かつて当連載(2018年9月12日)で<初球打ちの打率5割2分5厘。ホークスの新1番打者、牧原大成が超積極打法でヒットを重ねている>と当時の活躍を記している。
とにかく仕掛けの早さが特徴だった。シーズントータルで249打数79安打をマークした内訳を見ると、初球打ちが47打数22安打だった。打率.468の好成績を残した一方で、初球打ちは打数全体の18.9%を占めた。これを2球目以内まで広げると100打数になり、全体の40.2%まで跳ね上がった。
追い込まれる前に打ちにいく方が打者有利なのは当然だ。また、「狙い球を1球で仕留める」というスキルの高さでもある。
「もったいない選手」牧原は何が変わったのか?
だが、牧原大は以降のシーズンで苦しんだ。一昨年、昨年と2年続けて打率2割4分台と低迷した。相手だって研究をしてくる。初球や2球目は、敢えて「ボールになってもいい」と際どい球で勝負された。あの頃の牧原大はそのボールに飛びつき、カウントを悪くして不利な状況を自ら作ってしまっていた。

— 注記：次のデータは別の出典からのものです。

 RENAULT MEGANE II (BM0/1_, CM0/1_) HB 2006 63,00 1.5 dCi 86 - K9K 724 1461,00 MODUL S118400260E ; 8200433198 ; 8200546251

「一昨年までは敵チームの一人として彼を見ていましたが、真っ直ぐならば160キロでも付いていくというイメージだった。カウント球でストレートは放るなと言っていたくらいでした。スイングスピードが速い。だけど、点で打つタイプだった。もったいない選手だなという印象でした。
それが去年の後半くらいからスイングのイメージを変えて、そこから幅が広がったように見えます。ボールの待ち方も変わった。変化球にも対応できるような、スイングに奥行きが出来るようになった。ミートの幅が広がることで選球眼も良くなったように感じます」
そのように説明したのはかつてイーグルスで監督も務め、現在はホークスの一軍打撃を担当する平石洋介コーチだった。
今年の牧原大は以前と違う。9月6日までの打撃内容を見ると、127打数42安打(打率.331)のうち、初球打ちは12打数5安打。1球で勝負をつけたのは全体の9.4%だ。2球目以内は38打数16安打で、こちらは全体の29.9%となっていた。
振り返れば、今年のホークスは「率にこだわる」がテーマだった。
「ウチの選手は四球が多いわけではない。四球の差が昨年ロッテに対して1つ勝ち越せなかったところ。やはり粘っこく。フォアボールでも塁に出る。粘っこい打撃をしてくれると、出塁率も変わってくる」(工藤公康監督)
首脳陣のニーズにもがっちりハマる1番打者がいれば、チームの戦いぶりはかなり安定するだろう。ただ、彼自身に慢心はない。
外せない男は「もう外れない」という気概を持って、終盤戦のキーマンとして躍動し続ける。